Since colonisation, Australia has witnessed widespread and devastating biodiversity losses and currently possesses the highest rate of mammalian extinctions globally. Marsupials are disproportionally impacted compared to other groups and remain particularly vulnerable to environmental threats. Over the past decade, assisted reproductive technologies (ARTs), including in vitro fertilisation (IVF), have been recognised as promising tools for conservation. However, progress in ART for Australian marsupials has been limited, and IVF protocols are yet to be established.
In this study, we used the fat-tailed dunnart (Sminthopsis crassicaudata) as a laboratory-based model to establish protocols for inducing and assessing sperm capacitation, a critical step towards achieving IVF. Epididymal spermatozoa were collected from adult dunnarts via swim-out and incubated in one of nine capacitation media. Sperm motility, longevity, and capacitation-related morphological changes were monitored. We adapted and optimised quantitative assays for motility, morphology, tyrosine phosphorylation, and the acrosome reaction for dunnart sperm.
Preliminary results indicated that a newly developed culture medium supports sustained progressive motility and morphological changes associated with capacitation in dunnart sperm under defined incubation conditions. The medium outperformed a standard comparative formulation, maintaining a significantly higher motility over a two hour period. By four hours, although overall motility declined in both media, the majority of motile sperm in the novel formulation exhibited morphological features consistent with capacitation.

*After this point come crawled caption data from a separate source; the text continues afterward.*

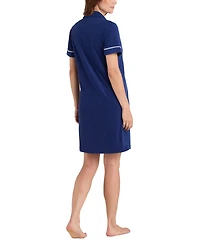 Miss Elaine Women's Short-Sleeve Solid Short Zip Robe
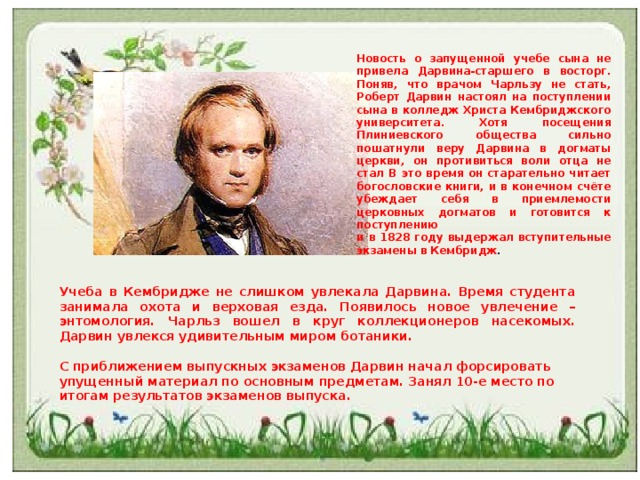 Новость о запущенной учебе сына не привела Дарвина-старшего в восторг. Поняв, что врачом Чарльзу не стать, Роберт Дарвин настоял на поступлении сына в колледж Христа Кембриджского университета. Хотя посещения Плиниевского общества сильно пошатнули веру Дарвина в догматы церкви, он противиться воли отца не стал В это время он старательно читает богословские книги, и в конечном счёте убеждает себя в приемлемости церковных догматов и готовится к поступлению и в 1828 году выдержал вступительные экзамены в Кембридж . Учеба в Кембридже не слишком увлекала Дарвина. Время студента занимала охота и верховая езда. Появилось новое увлечение – энтомология. Чарльз вошел в круг коллекционеров насекомых. Дарвин увлекся удивительным миром ботаники. С приближением выпускных экзаменов Дарвин начал форсировать упущенный материал по основным предметам. Занял 10-е место по итогам результатов экзаменов выпуска.   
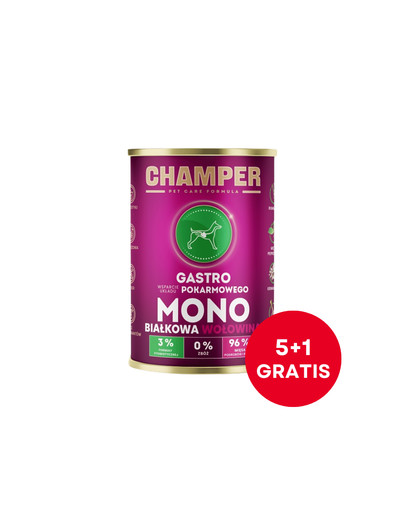 CHAMPER Gastro Wołowina monobiałkowa karma dla psa 6 x 400 g (5+1 GRATIS)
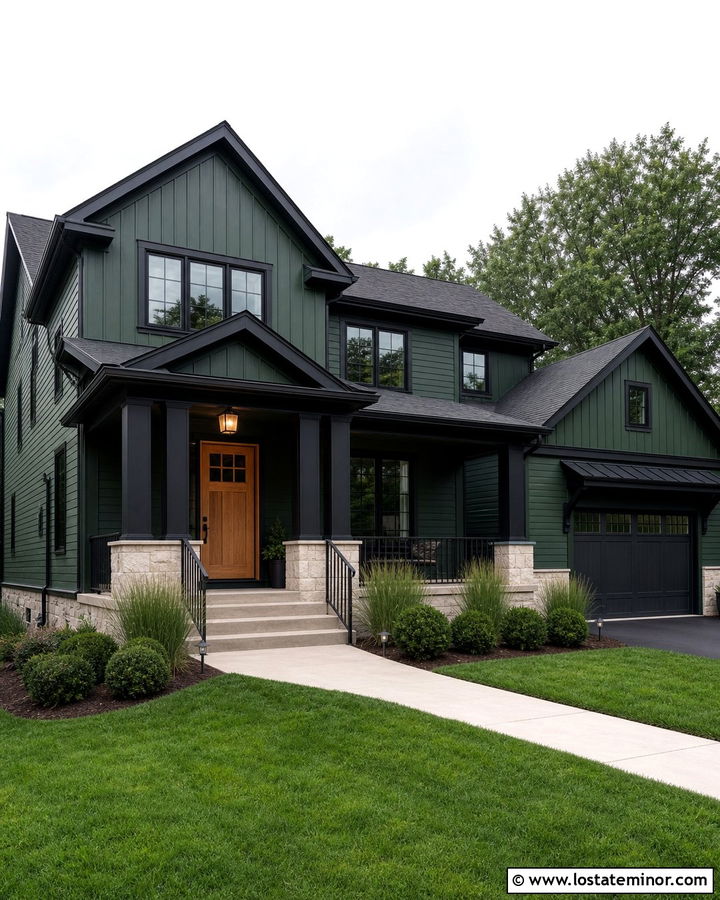 Hunter Green House With Black Porch Columns - 30 Hunter Green House Design With Porch Columns Ideas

Further analyses are underway to expand replicates and quantify key capacitation-associated parameters across additional formulations.
These findings show that a high proportion of dunnart motility can be supported in simple media, and further challenges the notion that marsupial sperm requires complex media conditions to undergo capacitation. This work advances our understanding of marsupial sperm biology, and lays essential groundwork for optimisation of IVF protocols in marsupials, with the ultimate goal of developing next-generation conservation tools for threatened species.